Irish songstress Sinead O’Connor, who last week got into a war of words with Miley Cyrus after advising her not to “prostitute” herself, now has a new target in Simon Cowell, who she believes is responsible for the death of rock ‘n’ roll.

In an interview with Ireland’s “Late Late Show,” O’Connor said that the music of today is being overshadowed by the “money-making side” of the industry.

“I feel sorry for the murder of music and rock ‘n’ roll, which has happened because of the industry,” O’Connor said on Friday, according to Entertainment Weekly. ”Because of Simon Cowell, Louis Walsh —  they’ve murdered music. I stand to say it on behalf of every musician in the world and they’ll agree with me.”

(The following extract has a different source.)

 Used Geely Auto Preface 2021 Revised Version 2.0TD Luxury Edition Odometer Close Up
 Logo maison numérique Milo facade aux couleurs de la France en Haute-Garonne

O’Connor added that music, especially rock ‘n’ roll, has the power to change things, and this is being “murdered” by music reality shows such as “Pop Idol” and “X Factor.”

She continued: “The industry has taken over so much...the money-making side of it, the sexualizing of extremely young people making records, and all the worship with money and bling and diamonds, all the Simon Cowell, Louis Walsh — it all amounts to the murder of music and that’s what concerns me.”

The 46-year-old also talked about her past experience in the industry, saying that her record company wanted her to grow her hair, start wearing short skirts and act sexy. “...that's why I shaved my hair. I wanted to be judged by my talent, if any, and not by how I looked."

On her feud with Cyrus, O’Connor said that her problem was with the 20-year-old’s antics, which include raunchy performances and going naked for music videos, and not with her music. This is one of the reasons that prompted O’Connor to pen an open letter to Cyrus, which was not well-received by the former Disney actress.  

“Miley’s records are great records,” O’Connor said during the interview. “I’m asking whether it’s appropriate for 20-year-old women to lick sledgehammers for videos in songs which have no lyrical reference to any such thing in them. It’s an exploitation of someone too young to understand the dangers.”